In characterizing the feelings engendered by religious experience as faith-state, James notes on p.416 that these "feelings" seem to empower. They have a pragmatic effect. They propel people out of despair or depression or melancholy. Faith restores or gives meaning, and zest to life. The effect of all this is interesting. When faith-state is operative in this sense the fundamental questions about God are ironically irrelevant. What matters is God's utility. Religion used in this way works. As James comments:
Utility of Religion
At this purely subjective rating, therefore, Religion must be considered vindicated in a certain way from the attacks of her critics. It would seem that she cannot be a mere anachronism and survival, but must exert a permanent function, whether she be with or without intellectual content, and whether, if she have any, it be true or false.
Given religion's demonstrated efficacy in providing meaning and zest, it may be possible to see how the practice of a creed can be vindicated. Put simply, can a religious life or a saintly life is a perfectly valid and demonstrably effective model of what we in Liberal Studies called a Good Life!

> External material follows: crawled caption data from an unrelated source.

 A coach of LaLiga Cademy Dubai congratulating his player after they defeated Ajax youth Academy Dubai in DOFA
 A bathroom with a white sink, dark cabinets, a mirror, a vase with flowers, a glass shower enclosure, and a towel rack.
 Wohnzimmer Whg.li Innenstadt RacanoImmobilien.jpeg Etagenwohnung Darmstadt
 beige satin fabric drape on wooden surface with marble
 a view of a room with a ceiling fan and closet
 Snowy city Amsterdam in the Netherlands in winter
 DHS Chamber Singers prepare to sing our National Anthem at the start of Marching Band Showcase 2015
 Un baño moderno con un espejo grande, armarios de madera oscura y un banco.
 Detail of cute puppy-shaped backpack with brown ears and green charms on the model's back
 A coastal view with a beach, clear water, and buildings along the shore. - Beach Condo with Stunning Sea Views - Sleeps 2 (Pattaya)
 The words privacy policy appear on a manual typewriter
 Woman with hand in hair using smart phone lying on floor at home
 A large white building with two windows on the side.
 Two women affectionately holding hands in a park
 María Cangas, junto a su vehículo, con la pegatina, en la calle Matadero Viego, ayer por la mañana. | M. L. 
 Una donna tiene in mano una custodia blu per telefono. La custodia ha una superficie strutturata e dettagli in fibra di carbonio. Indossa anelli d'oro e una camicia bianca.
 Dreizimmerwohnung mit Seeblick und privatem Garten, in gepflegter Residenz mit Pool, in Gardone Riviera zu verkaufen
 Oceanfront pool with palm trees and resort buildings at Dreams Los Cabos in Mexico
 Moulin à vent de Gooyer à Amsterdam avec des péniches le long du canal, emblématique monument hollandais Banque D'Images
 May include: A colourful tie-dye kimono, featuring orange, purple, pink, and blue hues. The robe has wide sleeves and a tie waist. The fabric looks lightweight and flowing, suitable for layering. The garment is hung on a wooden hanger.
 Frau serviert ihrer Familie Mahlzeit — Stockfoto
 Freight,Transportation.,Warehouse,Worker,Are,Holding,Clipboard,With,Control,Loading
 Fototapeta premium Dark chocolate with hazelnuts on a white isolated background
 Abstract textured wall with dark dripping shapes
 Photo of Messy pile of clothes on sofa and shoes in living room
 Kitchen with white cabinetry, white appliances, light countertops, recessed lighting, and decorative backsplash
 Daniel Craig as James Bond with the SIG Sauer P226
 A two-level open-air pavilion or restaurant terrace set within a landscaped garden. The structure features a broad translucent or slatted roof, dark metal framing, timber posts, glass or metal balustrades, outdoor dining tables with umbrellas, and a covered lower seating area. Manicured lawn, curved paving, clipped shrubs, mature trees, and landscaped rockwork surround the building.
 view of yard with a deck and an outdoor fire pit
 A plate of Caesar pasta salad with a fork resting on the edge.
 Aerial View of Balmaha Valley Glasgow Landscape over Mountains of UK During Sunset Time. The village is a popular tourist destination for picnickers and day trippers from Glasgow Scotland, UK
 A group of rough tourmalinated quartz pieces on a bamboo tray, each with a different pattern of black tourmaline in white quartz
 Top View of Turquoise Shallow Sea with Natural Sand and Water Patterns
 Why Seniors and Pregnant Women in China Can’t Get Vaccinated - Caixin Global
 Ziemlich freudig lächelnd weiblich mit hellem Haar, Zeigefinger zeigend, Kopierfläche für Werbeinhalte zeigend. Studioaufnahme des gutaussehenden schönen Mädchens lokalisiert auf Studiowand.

The question of course as to what the good life should be is invariably intertwined around the nature of relationships between individual and community.
The question of what kind of moral life I should lead and my place within community in the exercise of my moral life has been around for a while. Aristotle if you recall argues in the Ethics that:
Aristotle on Good Life
. . . the good of man is an activity of soul in conformity with excellence or virtue, and if there are several virtues, in conformity with the best and most complete. . . (1098a)
Aristotle goes on to examine intellectual and moral virtue in the context of a good life. This moral life, the good life, for Aristotle is fixed firmly within a community setting. The Ethics of Aristotle provided a prescriptive framework of rationally determined principles rooted firmly on the idea that the final good for humans was happiness and that the proper function for humans was the active life of the rational element.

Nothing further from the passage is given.